Empowering Immigrant Asian American: Community Participatory Approach


Program Overview

With funding from the W.K. Kellogg Foundation, the goals of this HAAP project is to promote culturally sensitive and community-led solutions and strategies toward racial healing and empowering immigrant Asian American (AA) children and adolescents in achieving optimal success. The proposed multi-level project aims to: a) provide a healthy environment that creates caring and mutual understanding and promotes dialog about diversity by empowering AA children, families, and communities, b) develop and implement solutions for addressing social and economic environments of inequality experienced in Asian communities, and c) foster connections and collaborations.

Key Strategies 

The preliminary work by HAAP and Asian community-based organization underscores the challenges that Asian American children and youth face. The community leaders and key informants at the end of our meeting were eager to work together for a collaborative interdisciplinary approach to reduce the discrimination and prejudice that afflict Asian American (who are often misperceived to be immune from the negative effects of racism) and empower AA children and youth toward a healthy and successful life. 

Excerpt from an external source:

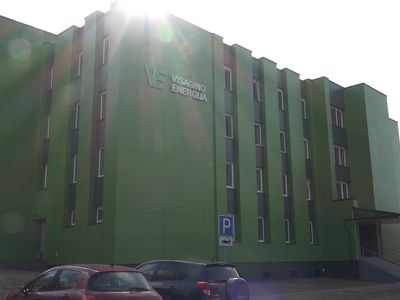 ЗАО «Висагино энергия» сообщает об изменении стоимости тепла и горячей воды - В Висагинасе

  • Empowering AA children by creating collaboration between parents and significant family members, school systems, and clinical agencies
  • Promoting community-wide dialog by implementing the awareness campaign to share the stories and voices of the project participants

Preliminary Results 2012-2013

HAAP conducted focus groups with community leaders from Asian Indian, Chinese, Filipino, Korean, and Vietnamese communities and completed implementation of the pilot intervention within 15 days (immigrant children and their parents). At the beginning, the project team felt the resistance and reluctance when the team brought up terms like "race" and "racism," however, when we dove deeper and built relationships with the participants, there were several forms of micro-aggressions reported. In particular, micro-invalidation's from statements such as "where are you from?" "You speak such good english without accent" can be insulting and invalidating because they reflect a world view that racial/ethnic minorities are aliened in this country. Another 7-year old boy's comment was striking, "When someone called me stupid, I felt sad." even at such an early age (ages 7-11), these AA children have experienced psychological symptoms and negative experiences in anxiety and worry such as having trouble sleeping at night, keeping their mind on schoolwork and worrying about someone beating them up and saying something dumb, and worries about what other people think of them.